Death knell for Internet cafes

As if opponents of Ohio’s seedy network of 800 Internet cafes did not already have enough ammunition in their arsenals to fire at state legislators, along comes an investigation that should seal the deal of doom on these unconstitutional sweepstakes parlors.

An Ohio newspaper probe revealed last week that most Ohio Internet cafes provided incomplete information to the state secretary of state’s office, and many of the businesses’ operators who could be identified have spotty financial backgrounds or criminal histories.

Now that regulations that some say would force Internet cafes out of business are likely for a vote in the Ohio House as early as this week, the new revelations should spur legislators to act quickly and decisively in support of House Bill 7. The bill, sponsored by Rep. Matt Huffman, a Lima Republican, would limit prize payouts at the sweepstakes parlors to $10 a day, a provision essentially intended to drive them out of business.


A moratorium on new Internet cafes in Ohio expires June 30. Therefore it’s incumbent on the General Assembly to act expeditiously. Just in case anyone has forgotten, numerous other logical reasons explain why such extreme regulation is needed and needed now:

Internet cafes lack all consumer protections that regulated gambling offers. Cafe owners and employees are not subject to background checks, games aren’t checked for integrity and fairness, and there are no gaming taxes .

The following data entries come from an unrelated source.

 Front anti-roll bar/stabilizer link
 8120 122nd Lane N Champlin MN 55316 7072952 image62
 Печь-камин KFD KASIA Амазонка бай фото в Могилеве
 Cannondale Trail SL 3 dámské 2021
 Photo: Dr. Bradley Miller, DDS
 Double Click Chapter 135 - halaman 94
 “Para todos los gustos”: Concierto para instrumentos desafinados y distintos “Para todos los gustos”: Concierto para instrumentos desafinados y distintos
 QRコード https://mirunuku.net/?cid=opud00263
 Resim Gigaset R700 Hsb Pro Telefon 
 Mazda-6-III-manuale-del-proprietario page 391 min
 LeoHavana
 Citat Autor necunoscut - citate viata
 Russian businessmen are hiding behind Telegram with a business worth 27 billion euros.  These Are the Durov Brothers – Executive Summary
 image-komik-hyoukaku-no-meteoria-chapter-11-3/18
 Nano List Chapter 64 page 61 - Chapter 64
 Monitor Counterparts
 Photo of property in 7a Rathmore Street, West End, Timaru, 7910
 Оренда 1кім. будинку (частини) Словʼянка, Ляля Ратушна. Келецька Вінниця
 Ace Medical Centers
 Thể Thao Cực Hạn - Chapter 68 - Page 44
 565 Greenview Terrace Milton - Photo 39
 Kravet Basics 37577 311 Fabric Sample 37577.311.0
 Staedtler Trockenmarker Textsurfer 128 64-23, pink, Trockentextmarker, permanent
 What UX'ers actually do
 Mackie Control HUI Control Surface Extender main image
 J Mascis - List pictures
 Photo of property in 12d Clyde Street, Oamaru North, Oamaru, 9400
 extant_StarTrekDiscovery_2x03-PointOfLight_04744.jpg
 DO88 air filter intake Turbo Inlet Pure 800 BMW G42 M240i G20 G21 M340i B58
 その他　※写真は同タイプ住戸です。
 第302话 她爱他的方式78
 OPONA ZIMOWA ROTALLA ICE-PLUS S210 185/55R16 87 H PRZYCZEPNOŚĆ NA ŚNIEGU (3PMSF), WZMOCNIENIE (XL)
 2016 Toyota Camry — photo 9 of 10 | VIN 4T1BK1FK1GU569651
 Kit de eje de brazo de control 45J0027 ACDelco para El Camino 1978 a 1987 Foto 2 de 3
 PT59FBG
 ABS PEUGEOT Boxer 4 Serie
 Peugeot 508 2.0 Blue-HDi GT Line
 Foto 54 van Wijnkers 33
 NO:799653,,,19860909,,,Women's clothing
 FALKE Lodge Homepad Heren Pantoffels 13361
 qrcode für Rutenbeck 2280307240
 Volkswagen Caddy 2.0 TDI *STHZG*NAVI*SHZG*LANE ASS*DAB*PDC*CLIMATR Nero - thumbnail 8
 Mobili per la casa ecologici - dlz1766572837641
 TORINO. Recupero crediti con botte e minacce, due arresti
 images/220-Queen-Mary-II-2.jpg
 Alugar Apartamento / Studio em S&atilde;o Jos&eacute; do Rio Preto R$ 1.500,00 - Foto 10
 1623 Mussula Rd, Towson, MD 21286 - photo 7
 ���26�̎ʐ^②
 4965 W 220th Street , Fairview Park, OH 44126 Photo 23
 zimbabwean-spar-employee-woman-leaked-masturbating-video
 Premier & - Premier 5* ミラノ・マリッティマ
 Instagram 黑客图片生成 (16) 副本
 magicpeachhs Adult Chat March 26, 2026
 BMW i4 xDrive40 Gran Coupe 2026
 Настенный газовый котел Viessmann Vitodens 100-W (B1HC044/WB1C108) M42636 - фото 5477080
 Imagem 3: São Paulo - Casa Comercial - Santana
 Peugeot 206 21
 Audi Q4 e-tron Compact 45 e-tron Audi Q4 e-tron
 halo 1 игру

Internet cafes divert money from churches and fraternal organizations that operate bingo and other forms of legal gambling. These groups are strictly regulated and are required to give part of their proceeds to charity.

The operation of Internet cafes violates the Ohio Constitution, which specifically prohibits gambling except for those that are state-regulated, such as the Ohio Lottery, casinos and racinos.

Ohio Attorney General Mike DeWine, a longtime foe of storefront gambling, likens Internet cafe shenanigans to “The Wild, Wild West.” The Ohio General Assembly can best tame this out-of-control beast that preys on the poorest of Ohio’s population by adopting Huffman’s responsible legislation by the Easter recess.